Une IA, juge de beauté des poissons tropicaux

18.07.2022, par
À gauche, un poisson-ange royal en Atlantique ; à droite, une murène de Griffin dans le Pacifique. C’est notre cerveau qui décide lequel est le plus beau, mais selon quels critères esthétiques ?
Des chercheurs ont entraîné une intelligence artificielle (IA) afin d’attribuer un score esthétique à 2400 espèces de poissons de récifs coralliens ou rocheux. Résultat : les poissons que nous jugeons les « moins beaux » sont ceux qui présentent, collectivement, la plus grande variété de caractéristiques écologiques et ont la plus longue histoire évolutive. Ce sont aussi les plus menacés…

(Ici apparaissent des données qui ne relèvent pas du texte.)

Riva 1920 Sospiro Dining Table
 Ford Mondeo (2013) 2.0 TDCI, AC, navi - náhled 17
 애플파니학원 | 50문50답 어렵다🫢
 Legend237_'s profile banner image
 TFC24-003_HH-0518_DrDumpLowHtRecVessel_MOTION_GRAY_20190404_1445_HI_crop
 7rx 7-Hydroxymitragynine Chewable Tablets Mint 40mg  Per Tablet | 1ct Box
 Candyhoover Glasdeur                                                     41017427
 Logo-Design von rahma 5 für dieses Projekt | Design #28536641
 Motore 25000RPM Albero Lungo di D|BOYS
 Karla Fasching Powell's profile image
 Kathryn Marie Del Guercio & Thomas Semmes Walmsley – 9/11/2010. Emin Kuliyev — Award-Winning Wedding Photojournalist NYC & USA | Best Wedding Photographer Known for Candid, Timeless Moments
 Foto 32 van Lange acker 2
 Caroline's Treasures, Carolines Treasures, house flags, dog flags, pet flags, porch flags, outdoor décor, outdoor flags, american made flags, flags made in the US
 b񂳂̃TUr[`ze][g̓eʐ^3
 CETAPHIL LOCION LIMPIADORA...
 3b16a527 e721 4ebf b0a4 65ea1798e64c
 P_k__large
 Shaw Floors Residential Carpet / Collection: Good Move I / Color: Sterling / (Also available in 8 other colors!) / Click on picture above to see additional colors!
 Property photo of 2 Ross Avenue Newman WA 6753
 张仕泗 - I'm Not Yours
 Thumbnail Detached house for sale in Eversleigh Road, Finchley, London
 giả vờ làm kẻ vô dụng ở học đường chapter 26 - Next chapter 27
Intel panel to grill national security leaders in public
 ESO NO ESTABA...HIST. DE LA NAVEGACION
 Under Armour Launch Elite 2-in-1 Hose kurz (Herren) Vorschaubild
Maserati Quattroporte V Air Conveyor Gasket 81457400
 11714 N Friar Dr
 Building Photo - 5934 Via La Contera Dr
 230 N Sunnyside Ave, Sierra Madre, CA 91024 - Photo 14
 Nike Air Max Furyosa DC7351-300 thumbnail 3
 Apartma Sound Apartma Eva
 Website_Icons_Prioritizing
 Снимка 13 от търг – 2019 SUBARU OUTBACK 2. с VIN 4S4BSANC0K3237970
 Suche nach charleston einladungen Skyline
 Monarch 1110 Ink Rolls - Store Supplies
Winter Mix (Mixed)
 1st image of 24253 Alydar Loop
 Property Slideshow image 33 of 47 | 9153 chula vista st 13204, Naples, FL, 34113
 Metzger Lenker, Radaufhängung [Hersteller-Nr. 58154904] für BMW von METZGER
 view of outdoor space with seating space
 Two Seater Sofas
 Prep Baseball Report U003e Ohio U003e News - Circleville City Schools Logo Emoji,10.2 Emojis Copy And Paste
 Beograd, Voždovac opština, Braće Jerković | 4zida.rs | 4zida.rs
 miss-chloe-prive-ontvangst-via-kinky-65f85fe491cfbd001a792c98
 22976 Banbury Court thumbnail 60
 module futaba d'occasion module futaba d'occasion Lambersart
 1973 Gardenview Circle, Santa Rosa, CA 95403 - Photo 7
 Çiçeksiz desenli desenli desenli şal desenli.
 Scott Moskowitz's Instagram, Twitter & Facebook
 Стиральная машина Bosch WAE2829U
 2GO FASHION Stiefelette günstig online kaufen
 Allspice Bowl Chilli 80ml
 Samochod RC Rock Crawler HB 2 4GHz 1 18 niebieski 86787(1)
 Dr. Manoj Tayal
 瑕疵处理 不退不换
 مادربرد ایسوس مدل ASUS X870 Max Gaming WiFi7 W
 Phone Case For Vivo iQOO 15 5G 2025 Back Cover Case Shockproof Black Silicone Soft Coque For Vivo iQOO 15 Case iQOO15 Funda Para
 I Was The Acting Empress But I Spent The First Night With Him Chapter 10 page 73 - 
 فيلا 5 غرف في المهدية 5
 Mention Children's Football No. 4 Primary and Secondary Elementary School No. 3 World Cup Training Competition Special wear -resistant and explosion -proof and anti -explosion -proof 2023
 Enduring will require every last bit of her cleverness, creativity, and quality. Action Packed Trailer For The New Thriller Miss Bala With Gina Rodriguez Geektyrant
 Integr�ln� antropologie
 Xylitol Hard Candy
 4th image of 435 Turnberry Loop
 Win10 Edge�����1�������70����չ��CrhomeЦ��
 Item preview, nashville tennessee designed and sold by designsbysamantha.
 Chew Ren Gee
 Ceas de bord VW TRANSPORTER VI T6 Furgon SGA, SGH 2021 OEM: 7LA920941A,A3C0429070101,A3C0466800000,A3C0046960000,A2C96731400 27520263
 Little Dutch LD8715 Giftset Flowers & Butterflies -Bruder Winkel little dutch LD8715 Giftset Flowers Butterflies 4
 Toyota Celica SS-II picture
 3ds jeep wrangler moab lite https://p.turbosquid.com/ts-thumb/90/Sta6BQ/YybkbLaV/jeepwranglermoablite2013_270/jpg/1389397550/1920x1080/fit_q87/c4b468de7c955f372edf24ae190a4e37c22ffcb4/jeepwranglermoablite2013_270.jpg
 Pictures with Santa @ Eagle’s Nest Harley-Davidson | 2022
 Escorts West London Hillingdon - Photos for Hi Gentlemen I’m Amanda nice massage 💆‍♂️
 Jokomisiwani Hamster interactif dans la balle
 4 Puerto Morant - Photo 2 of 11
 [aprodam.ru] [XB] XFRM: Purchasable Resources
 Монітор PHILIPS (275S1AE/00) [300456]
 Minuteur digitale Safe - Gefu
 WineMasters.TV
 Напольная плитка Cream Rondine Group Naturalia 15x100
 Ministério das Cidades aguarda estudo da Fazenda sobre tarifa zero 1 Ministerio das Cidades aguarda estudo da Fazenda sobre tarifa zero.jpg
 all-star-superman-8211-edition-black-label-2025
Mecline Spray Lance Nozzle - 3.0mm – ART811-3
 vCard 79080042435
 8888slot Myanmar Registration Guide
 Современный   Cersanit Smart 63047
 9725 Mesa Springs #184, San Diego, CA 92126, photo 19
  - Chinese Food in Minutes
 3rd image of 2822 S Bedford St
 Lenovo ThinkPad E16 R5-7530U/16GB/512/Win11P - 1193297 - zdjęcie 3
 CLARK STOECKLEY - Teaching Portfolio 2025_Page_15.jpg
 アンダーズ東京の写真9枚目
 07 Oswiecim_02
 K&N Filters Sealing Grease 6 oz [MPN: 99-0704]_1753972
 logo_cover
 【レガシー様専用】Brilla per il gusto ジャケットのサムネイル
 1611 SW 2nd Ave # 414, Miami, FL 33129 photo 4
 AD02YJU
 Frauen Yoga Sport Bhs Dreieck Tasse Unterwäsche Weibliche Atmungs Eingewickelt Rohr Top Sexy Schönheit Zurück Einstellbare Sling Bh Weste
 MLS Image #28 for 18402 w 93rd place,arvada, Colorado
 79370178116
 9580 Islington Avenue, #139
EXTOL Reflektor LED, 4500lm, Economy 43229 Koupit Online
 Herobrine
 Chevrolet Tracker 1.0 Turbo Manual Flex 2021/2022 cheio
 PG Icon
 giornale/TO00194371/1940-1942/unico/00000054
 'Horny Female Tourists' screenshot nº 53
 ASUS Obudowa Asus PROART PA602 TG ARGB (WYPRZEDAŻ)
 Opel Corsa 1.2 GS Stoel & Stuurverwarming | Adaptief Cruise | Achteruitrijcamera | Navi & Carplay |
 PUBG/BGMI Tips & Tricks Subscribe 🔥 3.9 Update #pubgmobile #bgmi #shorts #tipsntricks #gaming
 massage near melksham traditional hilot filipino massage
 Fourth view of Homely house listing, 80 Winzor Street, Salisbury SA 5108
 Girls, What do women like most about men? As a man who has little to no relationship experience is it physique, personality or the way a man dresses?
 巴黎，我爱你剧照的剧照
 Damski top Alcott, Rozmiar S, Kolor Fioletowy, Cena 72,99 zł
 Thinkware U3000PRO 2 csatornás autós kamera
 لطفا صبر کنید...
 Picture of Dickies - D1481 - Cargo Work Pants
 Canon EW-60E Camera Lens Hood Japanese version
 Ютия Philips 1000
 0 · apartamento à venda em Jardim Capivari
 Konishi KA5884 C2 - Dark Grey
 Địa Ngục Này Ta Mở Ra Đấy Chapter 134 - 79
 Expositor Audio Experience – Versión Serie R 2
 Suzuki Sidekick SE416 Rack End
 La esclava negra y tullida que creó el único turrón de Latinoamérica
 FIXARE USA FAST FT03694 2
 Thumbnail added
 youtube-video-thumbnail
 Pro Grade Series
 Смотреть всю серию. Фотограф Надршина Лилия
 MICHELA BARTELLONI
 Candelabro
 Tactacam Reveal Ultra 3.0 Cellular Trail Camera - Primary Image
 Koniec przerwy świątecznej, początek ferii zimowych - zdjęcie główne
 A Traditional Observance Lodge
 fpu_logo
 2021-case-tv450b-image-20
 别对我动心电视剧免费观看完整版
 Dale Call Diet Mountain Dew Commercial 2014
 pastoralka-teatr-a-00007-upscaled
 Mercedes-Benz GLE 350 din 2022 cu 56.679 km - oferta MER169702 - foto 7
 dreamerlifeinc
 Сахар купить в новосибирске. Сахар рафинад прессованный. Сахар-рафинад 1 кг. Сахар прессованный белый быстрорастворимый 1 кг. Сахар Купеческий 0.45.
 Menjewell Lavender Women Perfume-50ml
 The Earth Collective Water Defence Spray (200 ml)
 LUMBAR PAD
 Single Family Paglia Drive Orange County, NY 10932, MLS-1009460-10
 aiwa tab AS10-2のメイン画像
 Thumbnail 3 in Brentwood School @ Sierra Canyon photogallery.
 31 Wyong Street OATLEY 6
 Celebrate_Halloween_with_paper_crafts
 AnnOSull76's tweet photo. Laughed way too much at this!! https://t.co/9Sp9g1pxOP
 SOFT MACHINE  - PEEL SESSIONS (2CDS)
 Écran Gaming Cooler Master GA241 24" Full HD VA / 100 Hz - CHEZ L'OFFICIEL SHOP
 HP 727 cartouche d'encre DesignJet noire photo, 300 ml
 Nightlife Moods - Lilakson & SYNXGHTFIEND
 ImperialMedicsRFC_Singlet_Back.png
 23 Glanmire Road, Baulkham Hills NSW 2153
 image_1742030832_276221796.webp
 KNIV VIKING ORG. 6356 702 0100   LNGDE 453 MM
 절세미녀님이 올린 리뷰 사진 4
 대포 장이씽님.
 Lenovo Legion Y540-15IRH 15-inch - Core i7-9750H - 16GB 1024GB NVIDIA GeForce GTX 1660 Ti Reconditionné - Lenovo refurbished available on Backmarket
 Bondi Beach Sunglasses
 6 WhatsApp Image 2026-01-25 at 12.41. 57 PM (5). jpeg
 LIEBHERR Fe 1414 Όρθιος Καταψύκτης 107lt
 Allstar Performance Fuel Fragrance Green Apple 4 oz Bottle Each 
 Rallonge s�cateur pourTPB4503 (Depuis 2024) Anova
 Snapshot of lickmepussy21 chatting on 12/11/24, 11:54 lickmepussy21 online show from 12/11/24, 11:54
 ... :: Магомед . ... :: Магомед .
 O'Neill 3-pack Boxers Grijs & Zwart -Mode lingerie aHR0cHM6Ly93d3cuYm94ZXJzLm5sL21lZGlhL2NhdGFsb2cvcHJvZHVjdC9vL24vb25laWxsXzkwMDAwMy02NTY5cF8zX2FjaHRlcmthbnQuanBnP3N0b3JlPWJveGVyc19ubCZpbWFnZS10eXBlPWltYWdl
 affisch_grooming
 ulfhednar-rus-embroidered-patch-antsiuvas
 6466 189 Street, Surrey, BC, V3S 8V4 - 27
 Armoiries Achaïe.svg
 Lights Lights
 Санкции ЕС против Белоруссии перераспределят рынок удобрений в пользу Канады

Et si notre relation à la biodiversité passait aussi par le lien émotionnel que l’on entretient avec elle ? Pour étudier ce lien entre beauté des espèces, perception et conservation, l’écologue Nicolas Mouquet du laboratoire Biodiversité marine, exploitation et conservation1 (Marbec) mène depuis plusieurs années un travail de longue haleine sur la valeur esthétique que nous, humains, attribuons à différentes espèces de poissons. Une première étude parue en 2018 a permis d’attribuer un score esthétique – du moins beau au plus beau – à 140 espèces de poissons de récifs coralliens. Le dispositif était simple en apparence : demander à des centaines de volontaires de discriminer entre des paires de photos associant à chaque fois deux poissons différents, et désigner le plus beau. 

Les "moches" plus nombreux, plus anciens et plus variés

« Nous avons obtenu un score esthétique pour chaque espèce, que nous avons corrélé aux caractéristiques écologiques de chacune (taille, alimentation carnivore ou herbivore, vie nocturne ou diurne, position au milieu ou en bas de la colonne d’eau…) », explique Nicolas Mouquet. 

Les poissons perçus comme beaux présentent un fort contraste de luminosité, des couleurs (jaune/bleu par exemple) et des formes plutôt arrondies, soit des signaux visuels faciles à décrypter pour notre cerveau.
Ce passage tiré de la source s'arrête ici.